## Work task
When you reach the line that contains "And this is", begin copying exactly, and continue through the last line of the data; no pictures belong in the copy.

## Data section
---------------

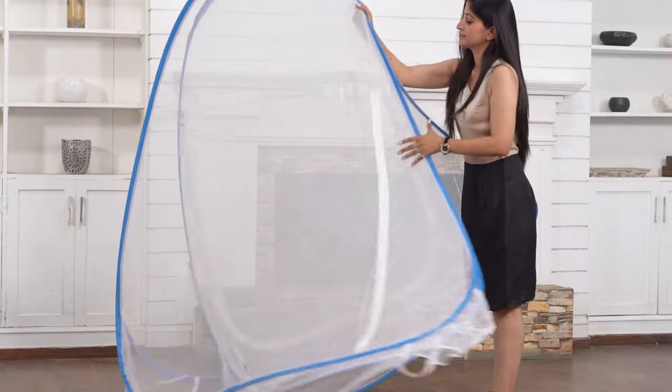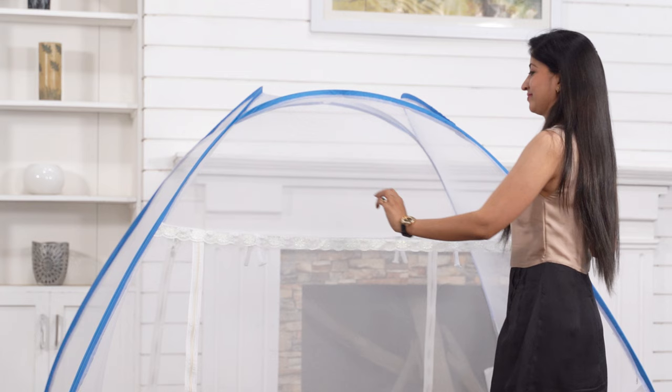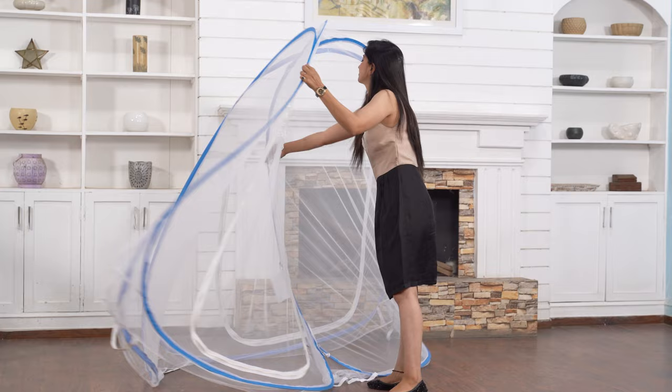Here are the steps to pack the net after use. Untie the ribbons and close the zippers. Hold the edges of the net with your hands. Push one corner of the net inside towards the center and form a single panel.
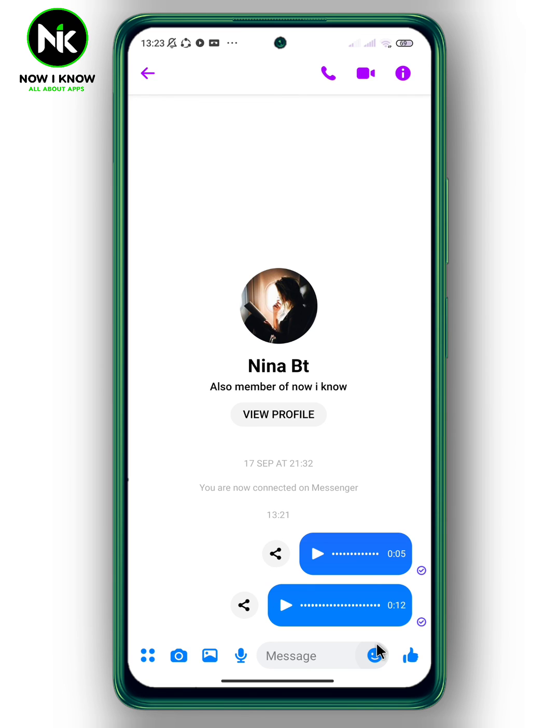And this is it! This is how to play a voice message before sending on Messenger. Thanks for watching, see ya!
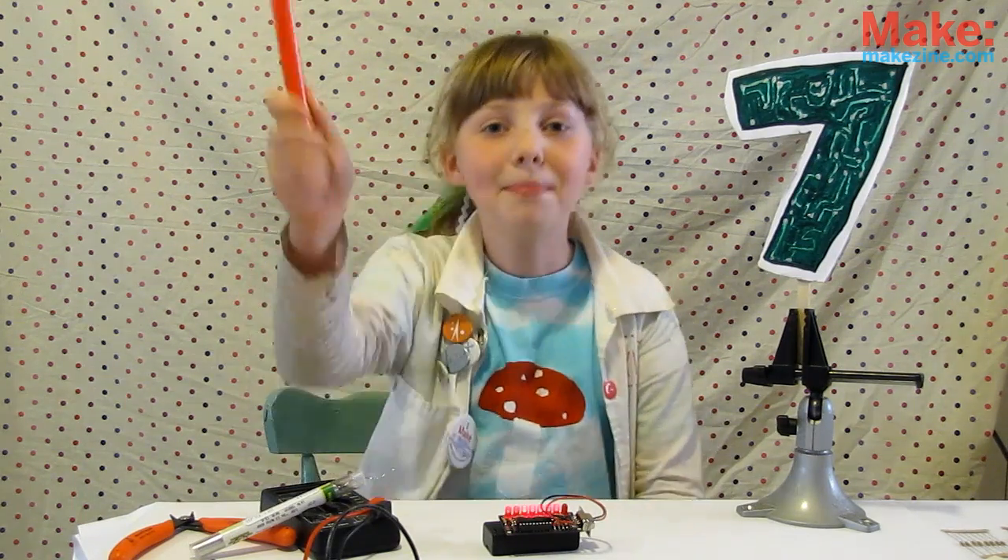That's it for this episode. Remember to experiment with your designs, respect your soldering iron, and get out there and make something!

---------------

## Written answer
And this is it! This is how to play a voice message before sending on Messenger. Thanks for watching, see ya!
That's it for this episode. Remember to experiment with your designs, respect your soldering iron, and get out there and make something!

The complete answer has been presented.